**Required work**.
Where the records below show a line containing "Nike Juniper Trail", start copying; end with the line containing "Cocksox CX05 Supplex Thong", and copy it too.

**Material shown**.
----

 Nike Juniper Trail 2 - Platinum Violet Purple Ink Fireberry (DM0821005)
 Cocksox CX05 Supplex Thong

----

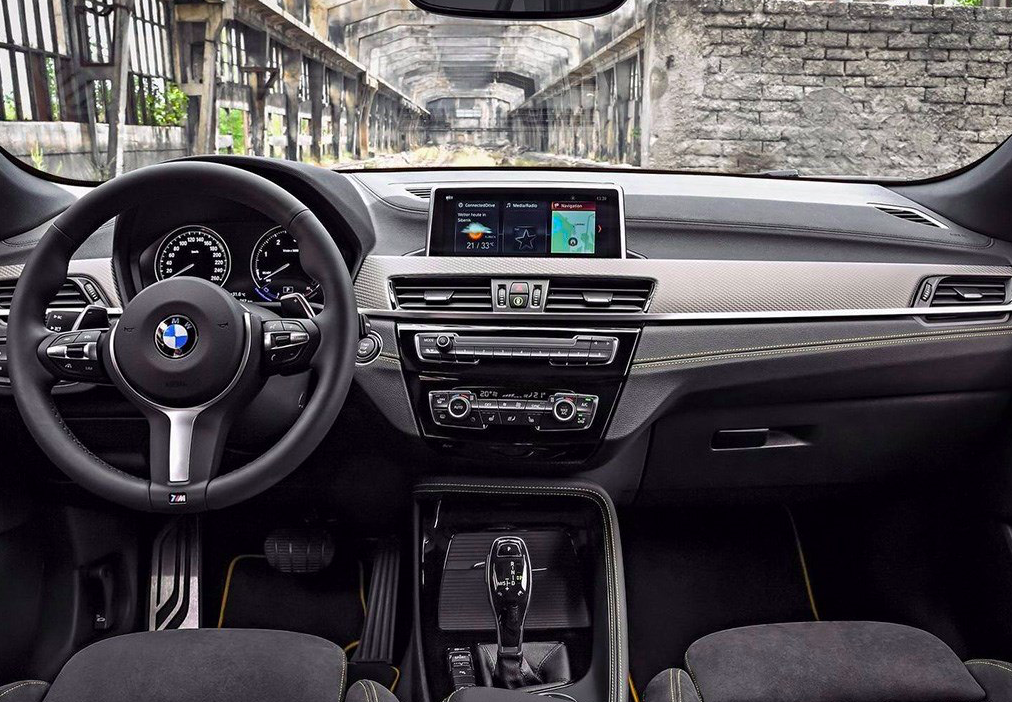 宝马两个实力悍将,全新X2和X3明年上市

----

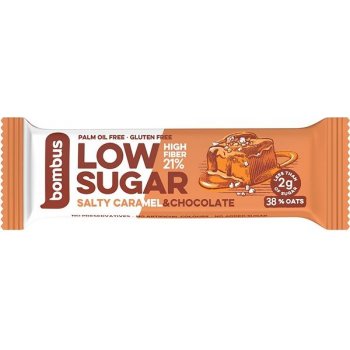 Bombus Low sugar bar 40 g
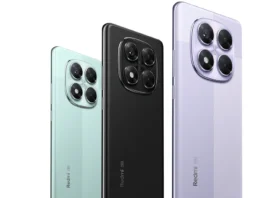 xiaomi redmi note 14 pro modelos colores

----

**Result**.
 Nike Juniper Trail 2 - Platinum Violet Purple Ink Fireberry (DM0821005)
 Cocksox CX05 Supplex Thong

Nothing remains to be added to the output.